What the exercise asks =>
Take the line with "Whoa, that is" and every line after it in the entries below, and set them down exactly, without any pictures.

[Saved entries]
§ §

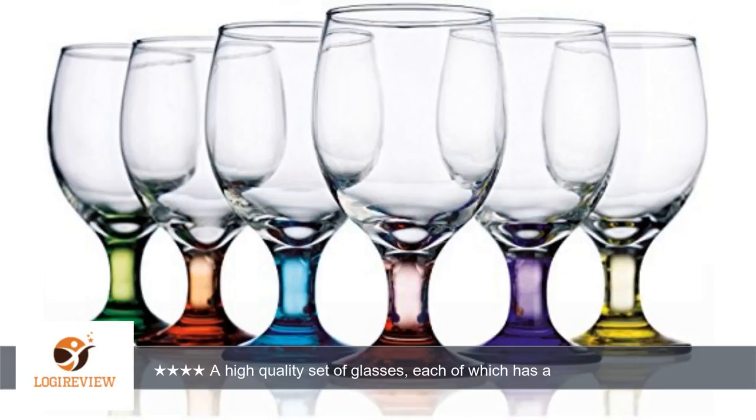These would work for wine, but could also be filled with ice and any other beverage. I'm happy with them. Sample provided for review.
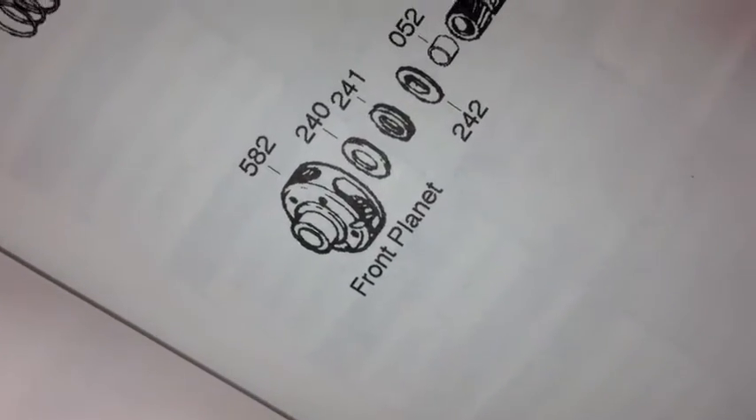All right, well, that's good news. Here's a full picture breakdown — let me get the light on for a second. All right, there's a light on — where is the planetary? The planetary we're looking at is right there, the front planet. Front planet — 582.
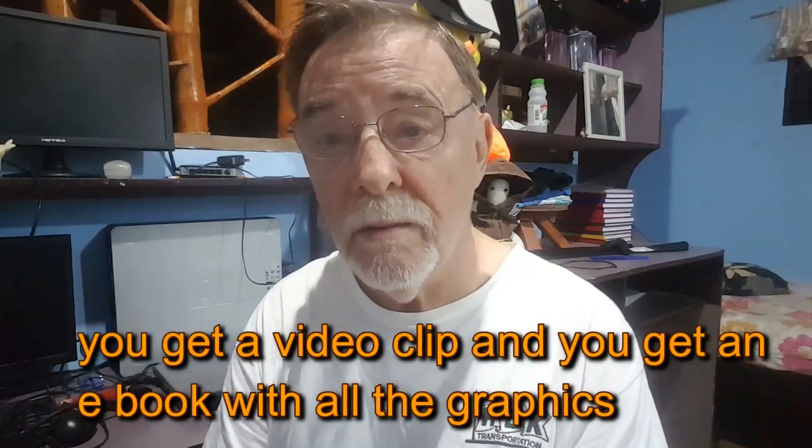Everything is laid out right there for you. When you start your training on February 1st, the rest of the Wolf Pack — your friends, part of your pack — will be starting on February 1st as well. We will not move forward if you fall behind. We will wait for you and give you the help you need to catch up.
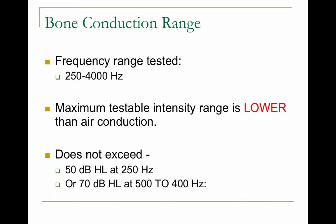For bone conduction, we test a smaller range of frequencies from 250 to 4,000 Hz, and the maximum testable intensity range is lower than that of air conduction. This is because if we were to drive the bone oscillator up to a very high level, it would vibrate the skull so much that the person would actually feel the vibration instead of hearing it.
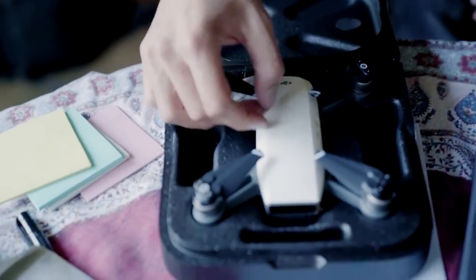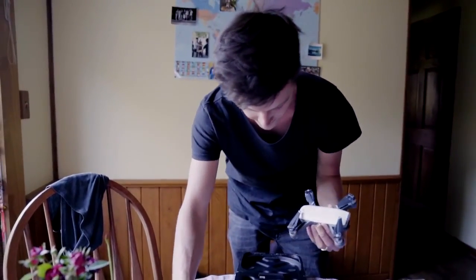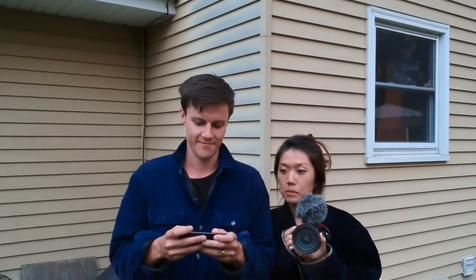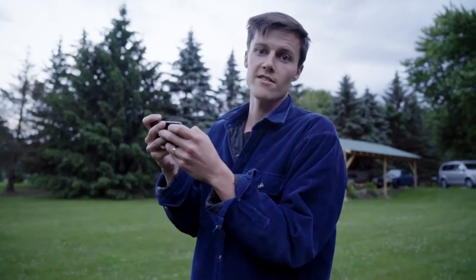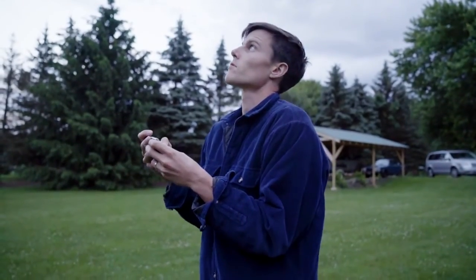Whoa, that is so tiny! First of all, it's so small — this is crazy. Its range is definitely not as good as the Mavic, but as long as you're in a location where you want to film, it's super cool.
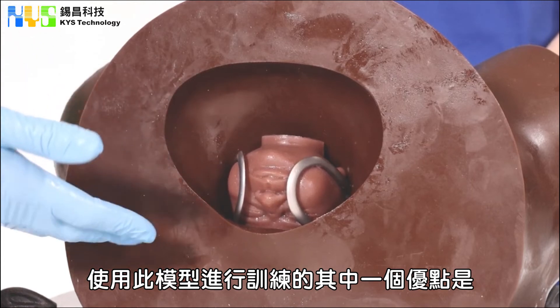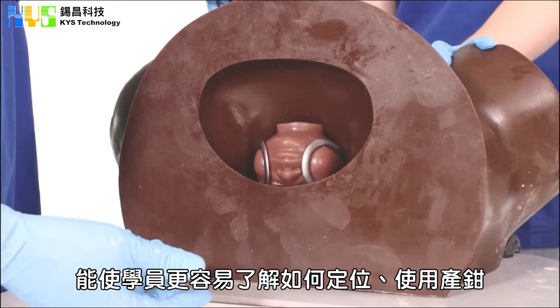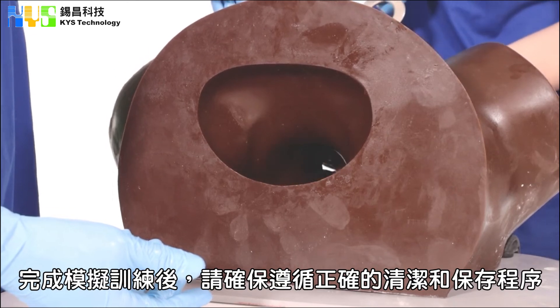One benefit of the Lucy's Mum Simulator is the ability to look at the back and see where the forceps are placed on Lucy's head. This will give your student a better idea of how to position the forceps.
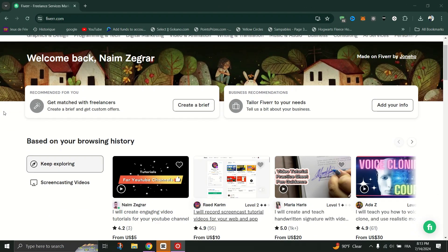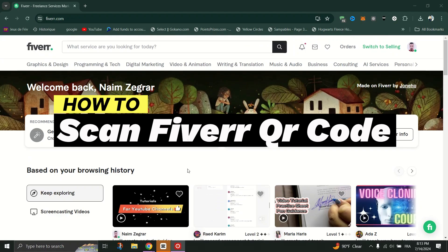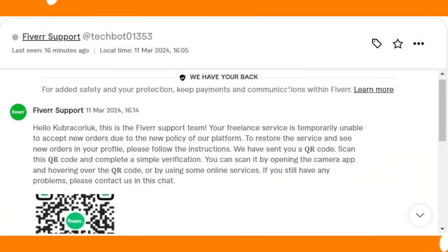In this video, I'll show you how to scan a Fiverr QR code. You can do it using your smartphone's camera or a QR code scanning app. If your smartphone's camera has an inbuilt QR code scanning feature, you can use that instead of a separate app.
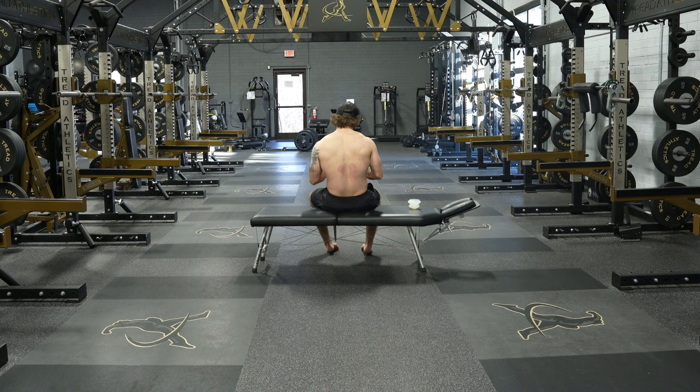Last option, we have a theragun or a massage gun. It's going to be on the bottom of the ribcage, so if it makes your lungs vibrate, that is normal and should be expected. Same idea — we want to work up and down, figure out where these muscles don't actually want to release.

§ §

Expected answer =>
Whoa, that is so tiny! First of all, it's so small — this is crazy. Its range is definitely not as good as the Mavic, but as long as you're in a location where you want to film, it's super cool.
One benefit of the Lucy's Mum Simulator is the ability to look at the back and see where the forceps are placed on Lucy's head. This will give your student a better idea of how to position the forceps.
In this video, I'll show you how to scan a Fiverr QR code. You can do it using your smartphone's camera or a QR code scanning app. If your smartphone's camera has an inbuilt QR code scanning feature, you can use that instead of a separate app.
Last option, we have a theragun or a massage gun. It's going to be on the bottom of the ribcage, so if it makes your lungs vibrate, that is normal and should be expected. Same idea — we want to work up and down, figure out where these muscles don't actually want to release.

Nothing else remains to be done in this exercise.